WHAT IS NEEDED:
The answer is the exact run of lines in the listing below from the line containing "Marcella Glass Soap" up to and including the line containing "A minimalist illustration", with pictures removed.

Top of GIVEN RECORDS

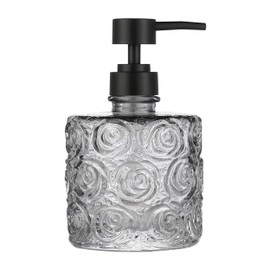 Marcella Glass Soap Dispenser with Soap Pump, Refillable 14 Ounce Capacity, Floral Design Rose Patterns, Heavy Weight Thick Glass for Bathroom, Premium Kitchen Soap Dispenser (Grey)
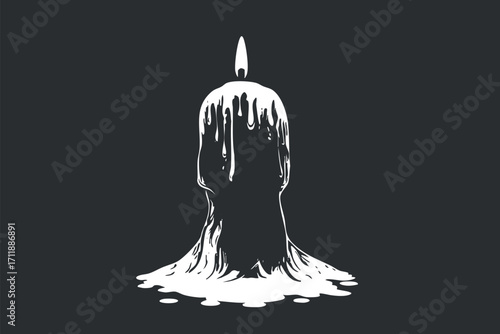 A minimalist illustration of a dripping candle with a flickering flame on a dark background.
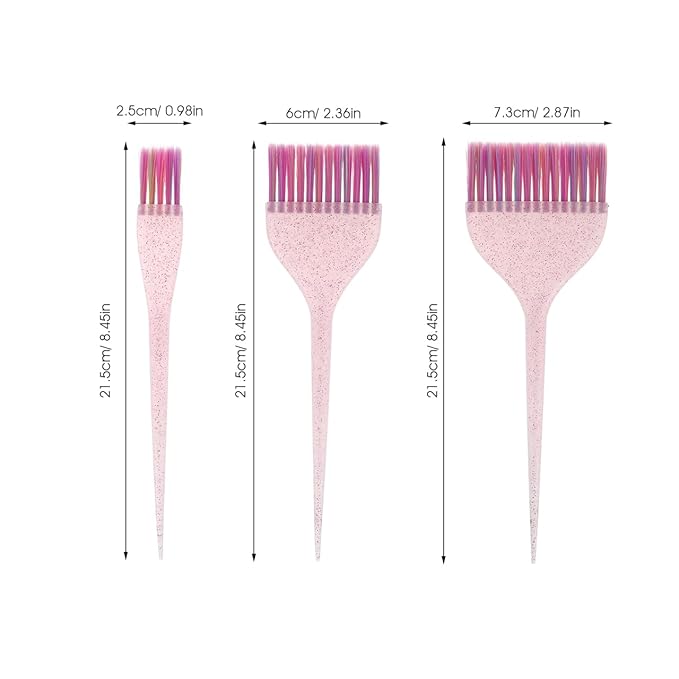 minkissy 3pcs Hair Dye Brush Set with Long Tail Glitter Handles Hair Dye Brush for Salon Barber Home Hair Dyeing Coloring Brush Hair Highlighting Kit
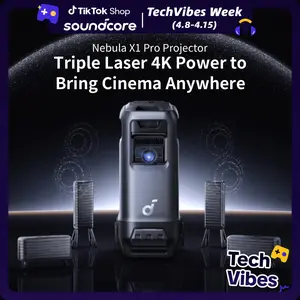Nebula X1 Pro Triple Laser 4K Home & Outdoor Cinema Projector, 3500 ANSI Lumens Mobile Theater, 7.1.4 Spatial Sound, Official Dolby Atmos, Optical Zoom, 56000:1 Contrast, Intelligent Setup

Bottom of GIVEN RECORDS
Top of GIVEN RECORDS

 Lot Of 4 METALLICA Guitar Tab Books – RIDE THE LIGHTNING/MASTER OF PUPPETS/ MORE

Bottom of GIVEN RECORDS
Top of GIVEN RECORDS

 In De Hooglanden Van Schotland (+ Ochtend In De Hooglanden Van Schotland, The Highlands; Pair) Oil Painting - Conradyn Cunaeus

Bottom of GIVEN RECORDS

ANSWER TO THIS TASK:
 Marcella Glass Soap Dispenser with Soap Pump, Refillable 14 Ounce Capacity, Floral Design Rose Patterns, Heavy Weight Thick Glass for Bathroom, Premium Kitchen Soap Dispenser (Grey)
 A minimalist illustration of a dripping candle with a flickering flame on a dark background.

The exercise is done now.